Alternative to the mainstream at Shrewsbury Folk Festival

Thousands of folk fans descended on Shrewsbury at the end of August for a long weekend of Morris dancing, ukuleles and fresh takes on traditional folk. It’s a festival of classic music although with a modern twist as live web streams broadcast the event all over the world to those who couldn’t be there, which allowed messages from as far as Australia to be read out on the main stage.

During the first few days there were such folk musicians as Adrian Edmondson and the Bad Shepherds, Afro Celt Sound System and Cara Dillon. Monday was the last day of the festival and certainly the highlight as four different musical styles hit the stage to entertain the masses for five hours of fantastic folk.
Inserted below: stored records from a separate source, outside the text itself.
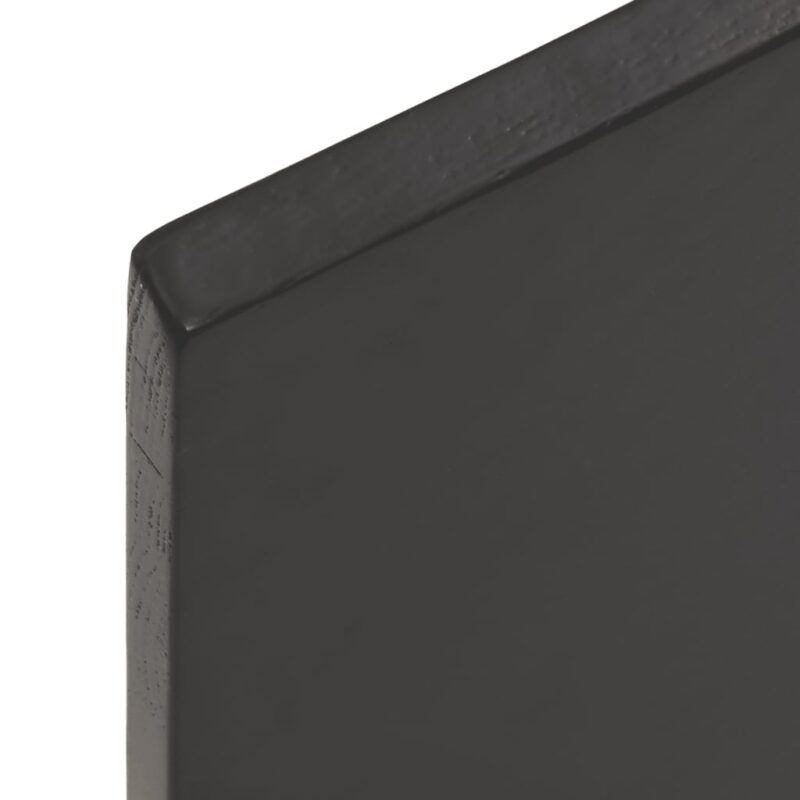 Zidna polica tamnosiva 80 x 10 x 2 cm od obrađene hrastovine - Slika 3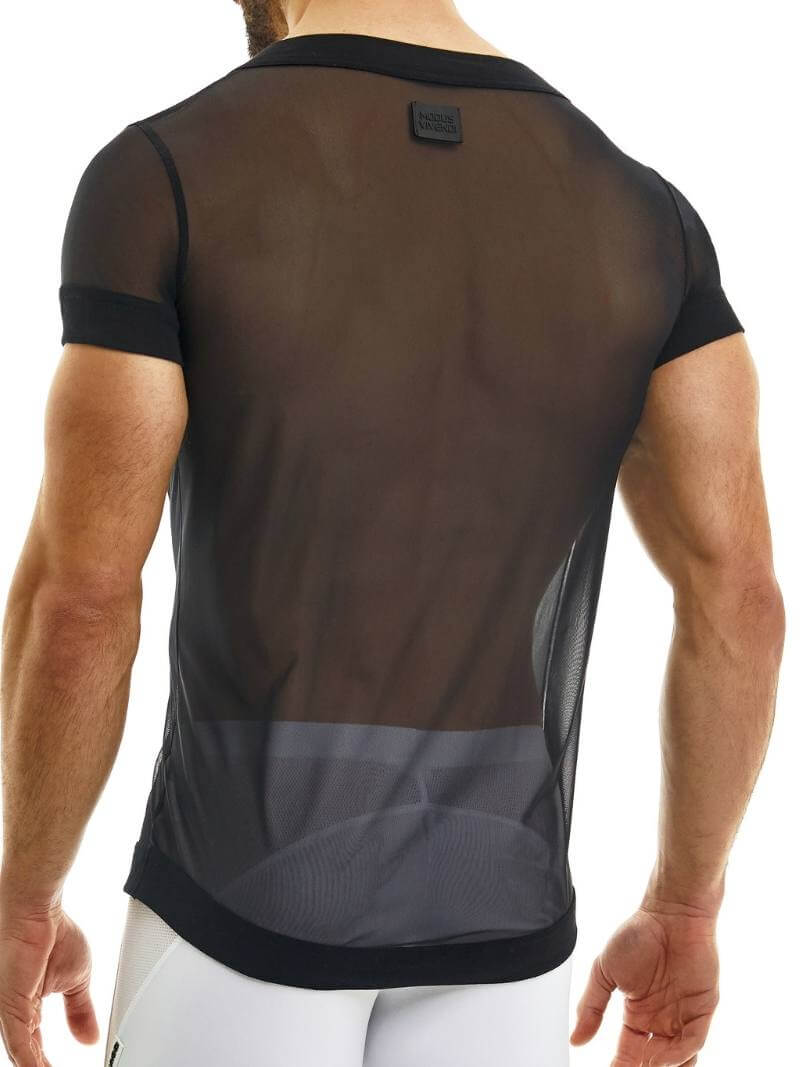 Mens MODUS VIVENDI Muslin T-Shirt: See-Through Sheer Mesh
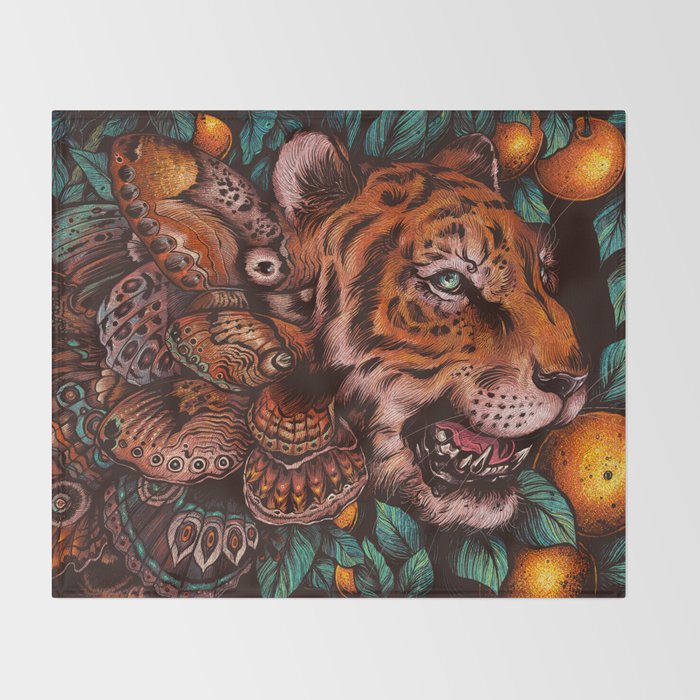 Year of the Tiger Throw Blanket Gallery Image 2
First up were five piece folk band Mawkin:Causley making their last performance after three and a half years together. The set was fantastic with frontman Jim Causley proving himself as an extremely talented singer who showered the audience with charisma and offered delightful explanations to each song. Their last performance was certainly a knock out show which added great youthful energy to the traditionally inspired songs.


Mawkin:Causley performed their last ever show at Shrewsbury Folk Festival. Photo: Samantha Viner

Blues man Hans Theessink took the festival in a more country blues direction. Sat in the middle of the large stage it was just him, a guitar and a harmonica. The blues vibe was very heartfelt and the technicalities of his playing were very impressive although the set did seem a little long for just one man.

The only let down of the line up would have to be John Otway and Wild Willy Barrett. Billed as “very funny” in the festival programme it seemed promising but upon sitting through an hour long set of questionable performances you fail to see the funny side.

The duo were accompanied by a bin, which apparently made a funny noise every time it was closed, which soon got old and quite frankly annoying. Through the self deprecating ‘humour’ and destruction of instruments you could see a glimpse of actual talent which, if used to it’s full potential, could be a great thing. There were a few laughs from around the tent but who knows what they were laughing at.


Bellowhead gave a stunning peformance with their big band folk. Phot: Samantha Viner

Thankfully other acts fared better as Bellowhead were an absolute triumph. The 11 piece band started back in 2004 and since then have gone on to win Best Live Band three times at the BBC Folk Awards and from their performance was is obvious why.

Their fantastic twist on folk got the whole tent dancing although there was no dance floor to be broken like at previous shows. After finishing their highly energetic set, made up of new and old tracks, the audience cheered for an amazing two encores. Spiers, Boden and co played a fantastic set with the whole band swapping and changing instruments regularly to give a unique sound that no other contemporary folk band has managed to equal.

With Bellowhead it’s difficult to even categorise them as folk as their big band sound and dance numbers leave this label behind. This energy and distinctive sound means that Bellowhead really are one of the best live musical acts around at the moment.

Shrewsbury Folk Festival was a great success from the live web streaming to the acts themselves, making it a great alternative weekend to be enjoyed by the whole family.